#### Task data:
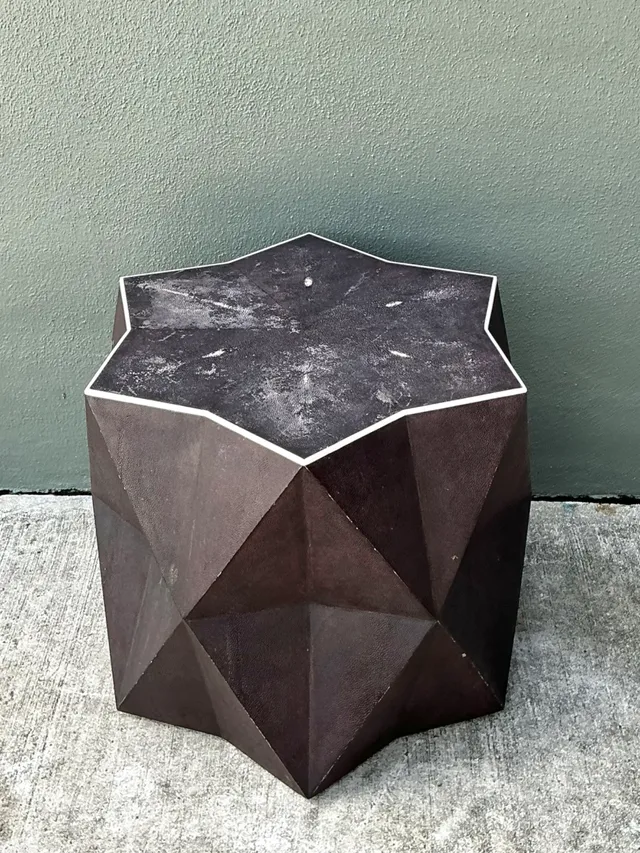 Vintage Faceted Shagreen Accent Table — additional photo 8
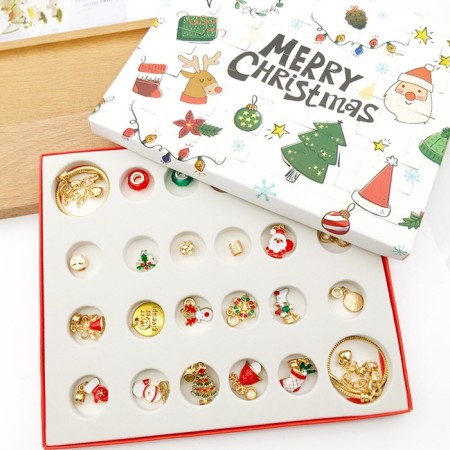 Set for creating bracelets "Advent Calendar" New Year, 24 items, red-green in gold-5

---

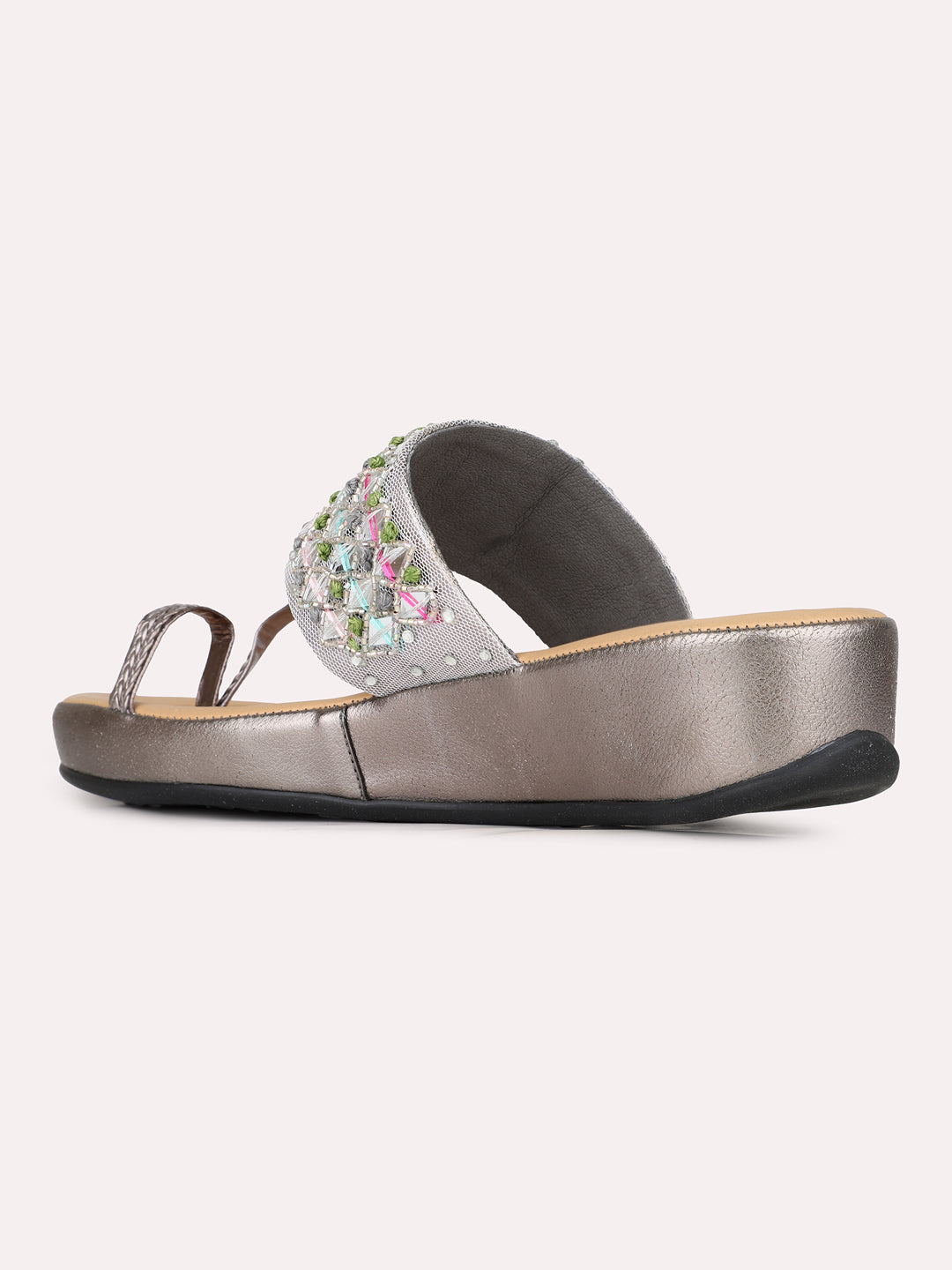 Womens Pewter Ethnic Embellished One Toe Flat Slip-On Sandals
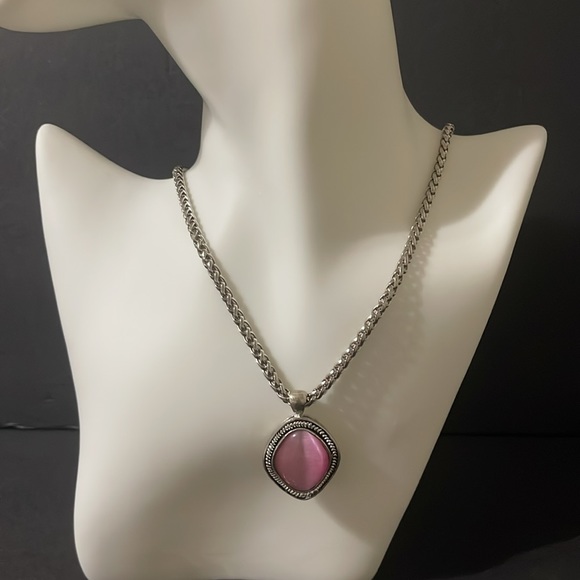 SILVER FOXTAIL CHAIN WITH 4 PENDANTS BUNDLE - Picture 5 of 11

* * *

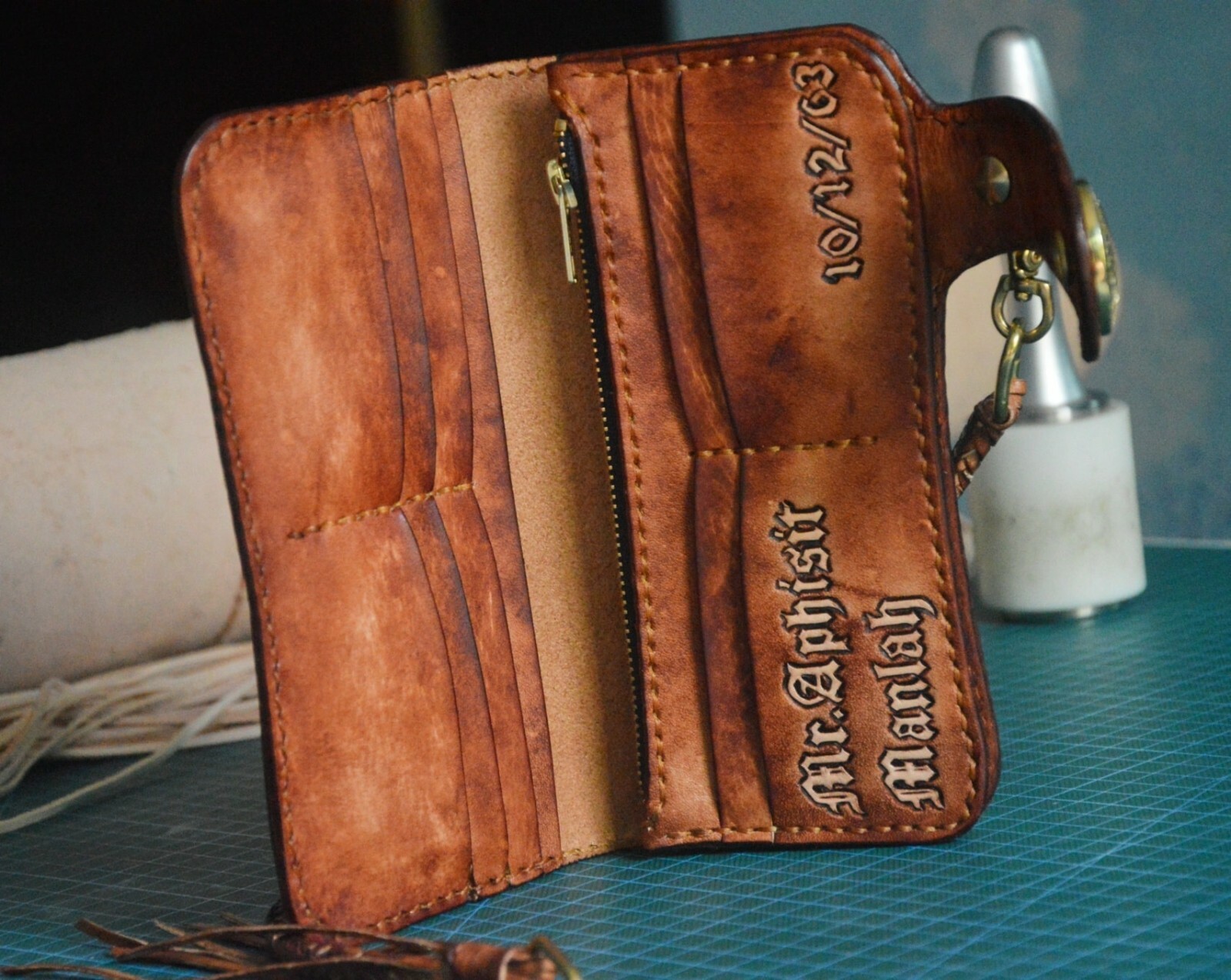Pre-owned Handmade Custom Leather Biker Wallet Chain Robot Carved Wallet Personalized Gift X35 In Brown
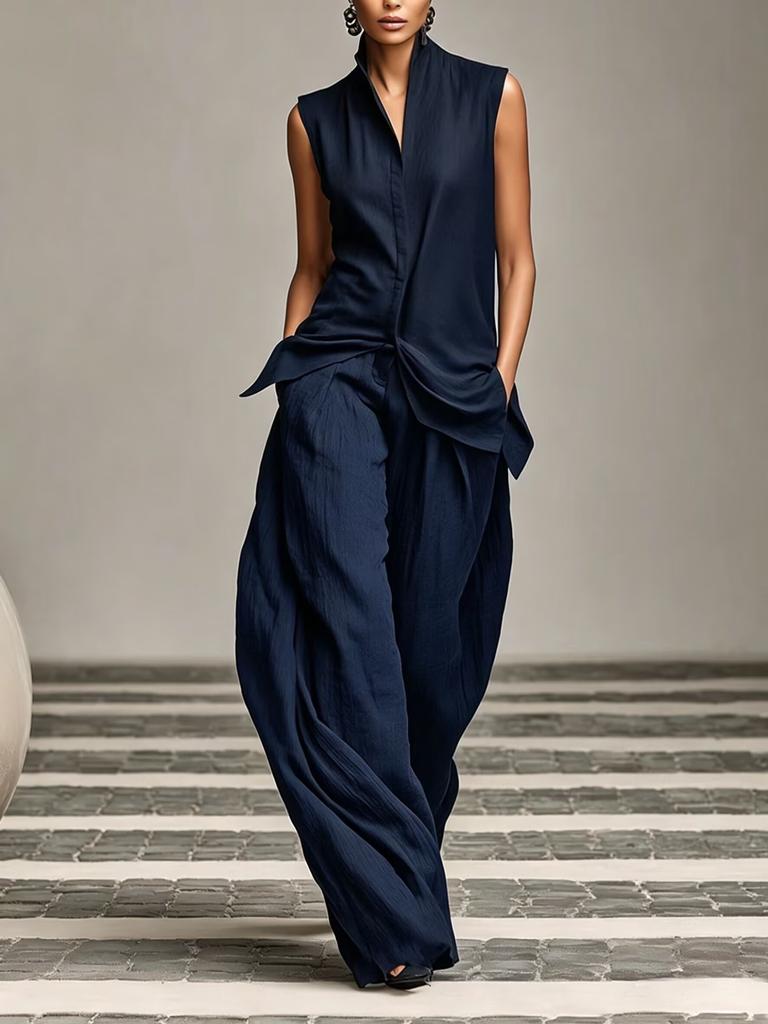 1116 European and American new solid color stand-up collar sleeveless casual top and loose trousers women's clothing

#### Your task:
Transcribe only the lines above that start at the line containing "Vintage Faceted Shagreen" and end at the line containing "Set for creating". Omit pictures.

#### Reply:
 Vintage Faceted Shagreen Accent Table — additional photo 8
 Set for creating bracelets "Advent Calendar" New Year, 24 items, red-green in gold-5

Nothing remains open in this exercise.